Was ist das Parlamentarische Patenschafts-Programm?
Seit 1984 ermöglicht das Parlamentarischen Patenschafts-Programm (PPP) Jugendlichen und jungen Berufstätigen aus den USA und aus Deutschland einen Einblick in das jeweils andere Land. Für ein Jahr leben die deutschen Stipendiatinnen und Stipendiaten in den USA bei einer Gastfamilie und besuchen eine Highschool oder ein Community College und können ein Praktikum in einem amerikanischen Betrieb absolvieren. Ein Abgeordneter oder eine Abgeordnete aus dem Kongress der Vereinigten Staaten wird den Stipendiaten zur Seite gestellt. Ein umfangreiches Programm über das Austauschjahr hinweg ermöglicht einen Einblicke in die amerikanische Gesellschaft, Kultur und Politik. Interesse geweckt? Die Bewerbungsfrist für den mittlerweile 42. PPP-Jahrgang ist aktuell geöffnet.
Transatlantische Brücken
Das Austauschjahr des 40. amerikanischen PPP-Jahrganges, auf Englisch CBYX, hat im Sommer des vergangenen Jahres begonnen. Hinter den Stipendiatinnen und Stipendiaten liegt eine intensive Zeit: Viele von ihnen haben begonnen eine komplett neue Sprache zu lernen, für manche war es das erste Mal so weit weg vom eigenen Zuhause, alle haben neue Freundschaften geschlossen, unvergessliche Erfahrungen gemacht und Deutschland in den vergangenen Monaten intensiv kennengelernt.
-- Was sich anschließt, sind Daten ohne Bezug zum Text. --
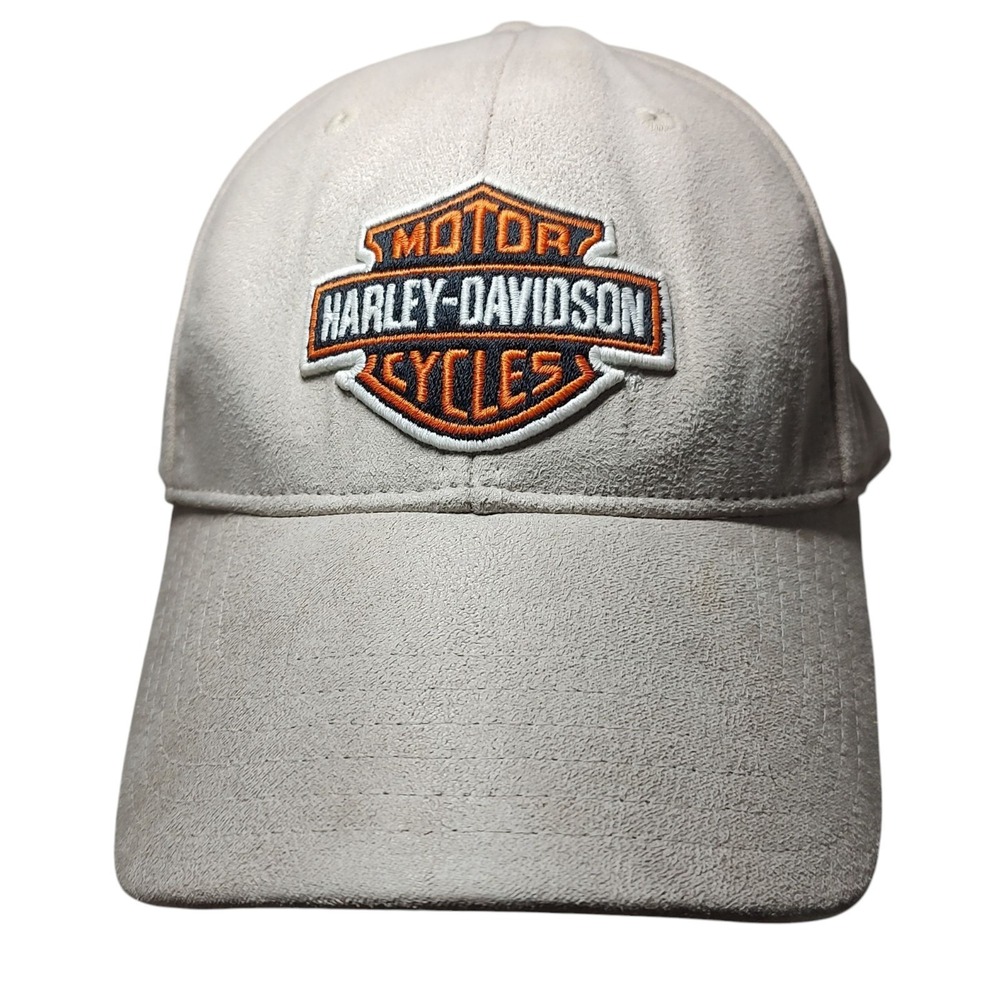 Harley Davidson Baseball Cap‎ Hat Beige Motor Cycles Harley Biker Adjustable SEE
Der Berlin-Tag markiert das Ende ihres Austausches und bietet die Möglichkeit, gemeinsam die deutsch-amerikanische Freundschaft, die durch die jungen Teilnehmerinnen und Teilnehmer gelebt wird, zu feiern. Neben dem Austausch untereinander treffen die Stipendiatinnen und Stipendiaten in Berlin auch auf ihre Paten-Abgeordneten und sie können mit ihnen diskutieren.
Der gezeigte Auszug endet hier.